Estamos visitando papelerías y tabaquerías, las más famosas de Londres y las más pequeñas de los alrededores —incluso hemos llegado hasta Hampstead—, donde preguntamos por el posible origen del lacre con el cual selló la nota el Escorpión Negro. Se trata de una pasta peculiar, de una tonalidad inusual, un rojo profundo difícil de definir, algo entre el borgoña y el azul oscuro. En cuanto al papel, es de estraza, áspero y basto, y podría comprarse en cualquier parte. Los tenderos nos miran con desconfianza, formamos un extraño dúo preguntando dónde es posible conseguir un lacre tan curioso.
Nos ocupamos también del sello del escorpión. Podría tratarse de la obra de algún artista. Es sabido que los nobles solicitan la creación de sus sellos y joyas a ciertos orfebres en los cuales depositan su confianza para evitar el robo de metal y la sustitución de piedras preciosas.
Es imperioso que Desirée recupere su vida social en Londres. Concurrirá a los Salones de Almack, los Jardines de Vauxhall y el mercado de Tattersall. Necesito que la inviten a una velada donde departa con lo más selecto de Whitehall; encontrarse con lord Bartleby, jefe del Departamento Exterior, es primordial. Dejará su tarjeta en casa de lady Sommers, avisándole de su estadía en la ciudad, para que la vieja aristócrata se ocupe de organizar su agenda a cambio del pago de algunas abultadas deudas.

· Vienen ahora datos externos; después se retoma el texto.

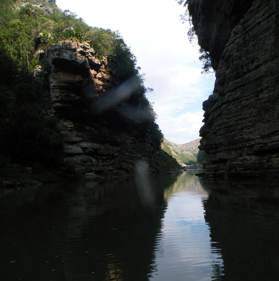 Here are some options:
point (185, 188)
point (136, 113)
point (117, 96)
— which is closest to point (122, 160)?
point (117, 96)

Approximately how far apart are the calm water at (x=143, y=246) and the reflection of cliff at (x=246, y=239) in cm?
1

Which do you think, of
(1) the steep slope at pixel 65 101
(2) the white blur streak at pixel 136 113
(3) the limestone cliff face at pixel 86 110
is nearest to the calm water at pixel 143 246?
(1) the steep slope at pixel 65 101

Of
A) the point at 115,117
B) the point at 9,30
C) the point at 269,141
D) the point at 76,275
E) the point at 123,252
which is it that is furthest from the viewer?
the point at 115,117

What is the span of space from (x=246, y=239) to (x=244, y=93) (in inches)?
824

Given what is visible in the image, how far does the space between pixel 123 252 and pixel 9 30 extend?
57830mm

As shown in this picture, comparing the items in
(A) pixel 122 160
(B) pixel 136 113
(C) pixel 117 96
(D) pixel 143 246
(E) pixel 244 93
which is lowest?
(D) pixel 143 246

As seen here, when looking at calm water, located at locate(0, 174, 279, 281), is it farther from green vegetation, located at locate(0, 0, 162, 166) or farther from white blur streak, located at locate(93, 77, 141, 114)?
white blur streak, located at locate(93, 77, 141, 114)

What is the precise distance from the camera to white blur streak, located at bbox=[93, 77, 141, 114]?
58.7 metres

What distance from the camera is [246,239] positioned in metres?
8.84

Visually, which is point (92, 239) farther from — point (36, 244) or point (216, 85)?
point (216, 85)

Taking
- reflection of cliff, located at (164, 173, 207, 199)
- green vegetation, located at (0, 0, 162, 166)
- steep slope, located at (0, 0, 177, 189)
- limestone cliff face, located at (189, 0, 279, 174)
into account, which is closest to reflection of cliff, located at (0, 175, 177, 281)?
reflection of cliff, located at (164, 173, 207, 199)

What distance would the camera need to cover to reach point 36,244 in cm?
911

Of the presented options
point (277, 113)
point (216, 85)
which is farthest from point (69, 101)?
point (277, 113)

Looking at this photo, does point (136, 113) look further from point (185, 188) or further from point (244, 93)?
point (244, 93) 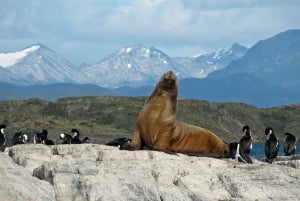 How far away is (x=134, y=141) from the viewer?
22.8m

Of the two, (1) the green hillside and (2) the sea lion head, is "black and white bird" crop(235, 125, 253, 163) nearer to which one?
(2) the sea lion head

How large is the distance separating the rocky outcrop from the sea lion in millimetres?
1868

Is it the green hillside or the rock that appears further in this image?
the green hillside

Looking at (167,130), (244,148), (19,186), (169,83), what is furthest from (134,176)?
(244,148)

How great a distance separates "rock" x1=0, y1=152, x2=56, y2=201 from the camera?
16.1 metres

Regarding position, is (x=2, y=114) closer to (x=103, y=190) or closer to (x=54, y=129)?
(x=54, y=129)

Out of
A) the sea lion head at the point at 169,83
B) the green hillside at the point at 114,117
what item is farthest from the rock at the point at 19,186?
the green hillside at the point at 114,117

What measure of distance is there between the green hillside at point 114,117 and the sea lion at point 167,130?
445ft

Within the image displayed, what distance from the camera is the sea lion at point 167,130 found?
2261 centimetres

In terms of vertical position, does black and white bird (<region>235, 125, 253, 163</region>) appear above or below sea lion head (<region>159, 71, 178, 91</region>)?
below

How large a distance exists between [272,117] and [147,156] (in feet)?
587

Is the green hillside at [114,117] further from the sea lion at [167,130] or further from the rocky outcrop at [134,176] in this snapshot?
the rocky outcrop at [134,176]

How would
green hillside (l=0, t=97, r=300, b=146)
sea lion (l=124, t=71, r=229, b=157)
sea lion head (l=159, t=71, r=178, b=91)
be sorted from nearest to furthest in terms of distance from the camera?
sea lion (l=124, t=71, r=229, b=157), sea lion head (l=159, t=71, r=178, b=91), green hillside (l=0, t=97, r=300, b=146)

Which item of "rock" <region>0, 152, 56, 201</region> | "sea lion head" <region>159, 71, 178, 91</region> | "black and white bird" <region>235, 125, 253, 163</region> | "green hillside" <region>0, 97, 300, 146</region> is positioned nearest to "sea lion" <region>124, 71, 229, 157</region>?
"sea lion head" <region>159, 71, 178, 91</region>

Rupert y Peter no pierden tiempo. Ya saben dónde residen los tres caballeros. Simon Miles es amigo de lord Bartleby, aunque nunca lo visita en las oficinas del Departamento Exterior. Conversan en el club de la calle Saint James, en las tertulias, incluso Miles lo ha invitado a cenar a su apartamento de la calle Cockspur. En apariencia, su relación se limita a una amistad entre caballeros, en nada vinculada con las actividades de Bartleby como jefe de los espías ingleses. En cuanto a Musgrove y Phillips, han comparecido en Whitehall en varias oportunidades a lo largo de diez días. Parecen compartir una fecunda amistad, en tanto por sus residencias desfilan no sólo Bartleby y otros miembros del Departamento Exterior sino el propio primer ministro, Pitt el Joven.
Pues bien, esta noche y las que siguen me convertiré en La Cobra para deslizarme en sus mansiones y ver qué puedo encontrar. El instinto me marca que ninguno de ellos es el Escorpión Negro. Igualmente, presiento que estoy cerca.